Winning the Longines Hong Kong Sprint on Mr Stunning was nowhere near as hard for Nash Rawiller as it was to convince his 70-year-old father, Keith, to fly to Hong Kong and witness the moment.

“It’s hard enough to get him on a plane, let alone out of Australia,” the Australian jockey said. “I finally made him come and thankfully he made the effort.”

Keith Rawiller is the type of hardened horseman typical of his native Bendigo in country Victoria – so not prone to public displays of emotion – but after the win he wiped tears of joy from his cheek as he embraced the winning jockey. “I can’t stop crying,” he said.

“It meant the world to have my dad here,” Rawiller said. “He has been here all week and came to the track every morning. He was getting there before me at 4am. He is one of the best horseman I have ever known and just having him around made me more determined.”

It had been a long 1,346 days for Rawiller – that is the length of time between international Group Ones for a jockey grown accustomed to success and who earned the title “big race rider” in his homeland.

“It’s been a long time between drinks,” Rawiller said. “I’ve won 60 Group One races, including the Macau Derby a few years back, but until you put the writing on the wall here it doesn’t mean anything.”

Rawiller’s Hong Kong career was stalled by suspensions early and the heavyweight rode just two wins from his first 70 starts.

Worst still, the local press had a field day with his ungainly whip action, labelling Rawiller “chow fan” – fried rice – because they said he looked like he was tossing a wok when he rode.

Two solid campaigns turned “chow fan” into a term of endearment before a serious shoulder injury forced Rawiller off the track again late last season.

Throughout it all Rawiller credits his family for helping him maintain a positive mental outlook.

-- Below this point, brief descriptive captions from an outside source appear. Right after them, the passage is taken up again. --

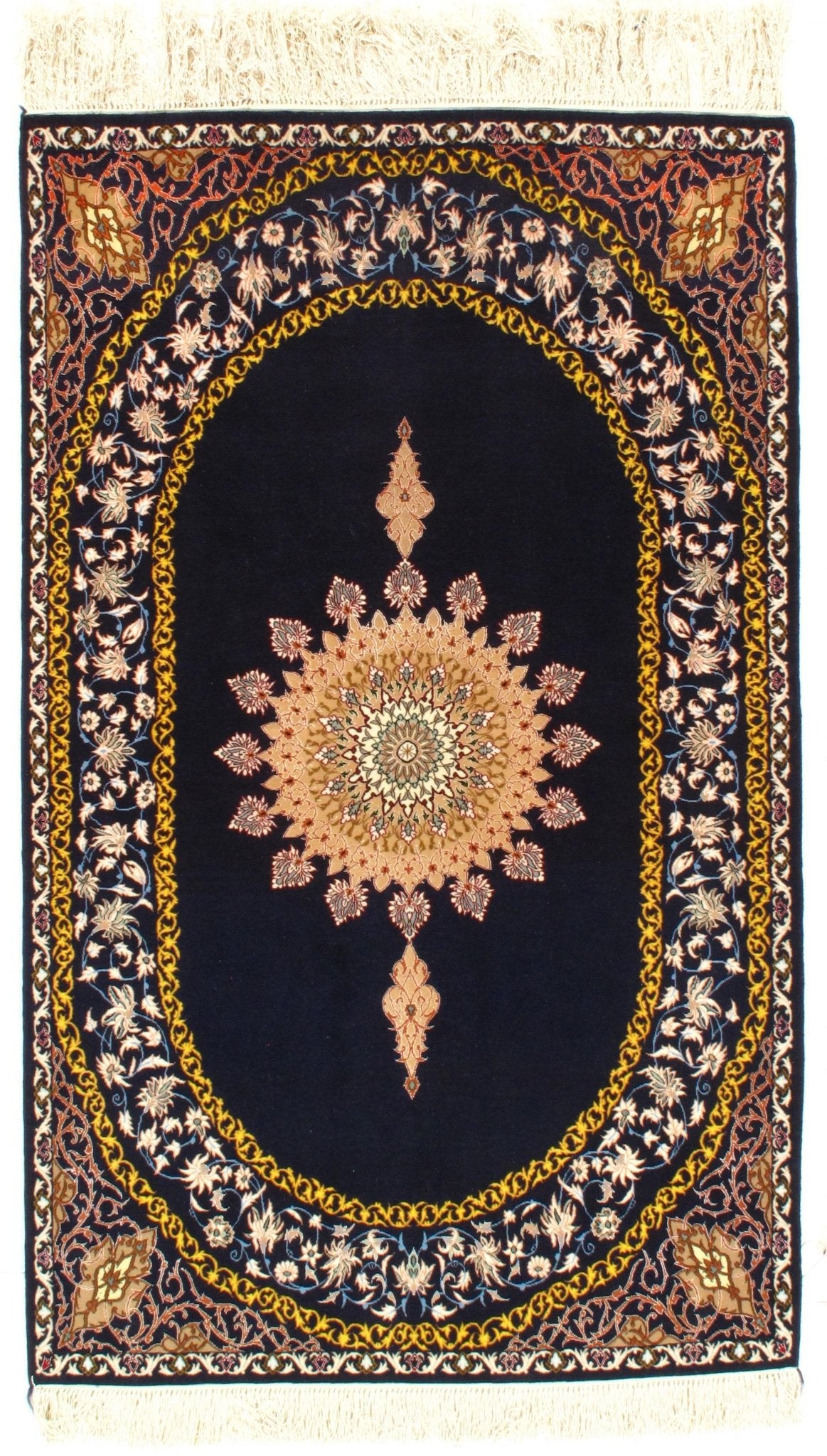 Canvello Silkroad Isfahan Blue And Orange Rug - 3′7″ × 5′11″ - Canvello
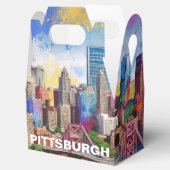 Abstrakte Kunst Pittsburgh Skyline Geschenkschachtel (Geöffnet)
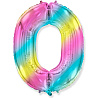 Цифры и числа Шарик цифра "0", 101см Радуга металлик 1207-3912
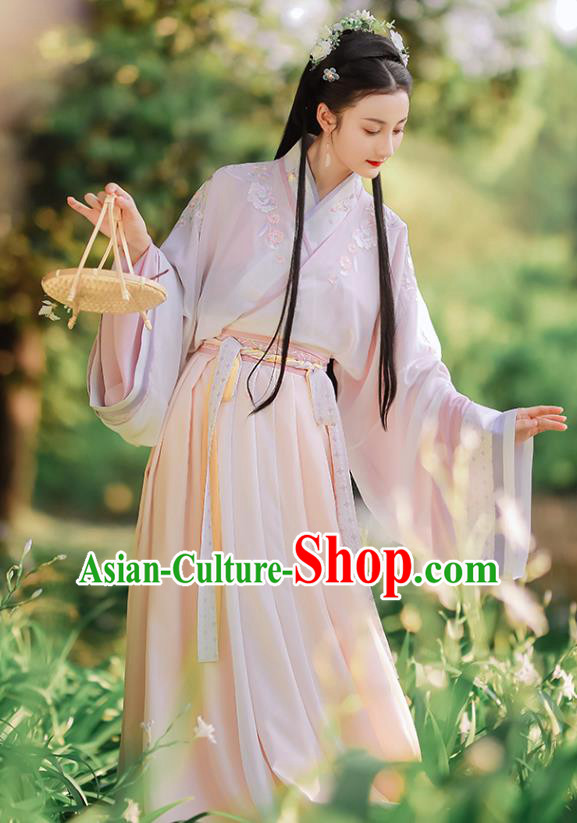 Traditional Chinese Jin Dynasty Hanfu Dress Garment Ancient Noble Lady Embroidered Historical Costumes Traditional Chinese Jin Dynasty Hanfu Dress Garment Ancient Noble Lady Embroidered Historical Costumes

“It’s special for my daughter Katie and my son Campbell, who is now heavily involved with my career,” he said.

“You can’t expect all to be smooth sailing here – you can have runs where you can’t ride a winner for two or three meetings. I think for young guys and people used to success, if they don’t have family support, it can be a very lonely place.

“If you go to the races with some chances and come away with a big zero but you can come home and hear your kids say ‘you rode well, dad’, or you get a kiss from your wife, it keeps it in perspective.”